One final note on hiking the Fay Canyon Trail – right before you finish the hike and reach the trailhead, there are a few small clearings that make for ideal, shady, picnic spots. I always enjoy ending a hike with a little picnic, especially if I’m hiking with my husband, son, or other family members! Whether you are hiking Fay Canyon with others or not, it is always helpful to know there are some spots to stop, catch your breath, and possibly have a little snack before finishing the hike and returning back to your car.
What Gear Do You Need to Hike Fay Canyon?
Because this is a short day hike, most of what you need can fit in a small day pack, or a hydration waistbelt. Here’s what you should bring with you:
- Plenty of Water – even though it is a short hike, always have plenty of water with you, especially if you are hiking during the warmer months! You can use a running hydration belt like this one that transports a water bottle, with plenty of room for small personal items too. Or you could opt for a small daypack like my favorite Osprey Daylite that can carry a hydration bladder, like this Platypus water bladder. Or, another one of my go to’s for transporting water is this Camelbak hydration vest, which can also carry a water bladder, or two small water bottles like these.
- Daypack / Waistbelt / Hydration Vest – as mentioned above, one of the main determinants for what you bring on the Fay Canyon Trail should be how you prefer to carry your water. My favorite options are:
All 3 options above have the ability to carry plenty of water, plus there is room for personal items like your phone, small snacks, and keys, etc. If you are planning on doing more hiking than just the Fay Canyon Trail, I would recommend either the Osprey Daylite pack or the Camelbak hydration vest, as there is more rooms for more day hiking essentials that you will need to bring with you for extended day hiking.

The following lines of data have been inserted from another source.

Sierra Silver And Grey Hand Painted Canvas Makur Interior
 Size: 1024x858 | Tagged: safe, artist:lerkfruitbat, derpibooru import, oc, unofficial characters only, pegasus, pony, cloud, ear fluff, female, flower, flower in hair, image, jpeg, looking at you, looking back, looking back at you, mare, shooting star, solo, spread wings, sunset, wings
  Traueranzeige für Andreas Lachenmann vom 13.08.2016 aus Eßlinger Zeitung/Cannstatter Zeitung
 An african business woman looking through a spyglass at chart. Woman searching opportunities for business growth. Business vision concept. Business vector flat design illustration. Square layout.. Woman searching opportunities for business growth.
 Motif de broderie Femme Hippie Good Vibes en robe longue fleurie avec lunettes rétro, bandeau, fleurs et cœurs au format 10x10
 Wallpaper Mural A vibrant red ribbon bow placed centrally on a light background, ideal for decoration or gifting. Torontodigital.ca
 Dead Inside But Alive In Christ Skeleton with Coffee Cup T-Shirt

- Footwear – I would recommend a good trail runner for this trail. It is mostly flat, but the cushioning and grip of a trail runner will help you when scaling the scrambling and rocky parts. The best trail runner out there are HOKA One One Speedgoats!
- Performance Socks – nothing can derail a fun hike quicker than blisters. I used to be extremely blister prone until I discovered these Hilly Twin Skin socks. The “twin skin” helps to prevent the friction that can lead to blisters.
- Trekking Poles – not absolutely necessary, but can be helpful for certain parts of this trail. These Black Diamond trekking poles have an unbeatable reputation, and I love this particular model because of the cork handles, which prevent slippage from sweat like some other plastic or rubber handled brands.
- Gaiters – another optional hiking item, but one that may come in handy on the Fay Canyon hike, because of the somewhat sandy nature of this canyon floor trail. Gaiters like these Salomons can help to keep the sand out of your socks and shoes, though I did not personally feel that this was an overwhelming problem along the Fay Canyon Trail.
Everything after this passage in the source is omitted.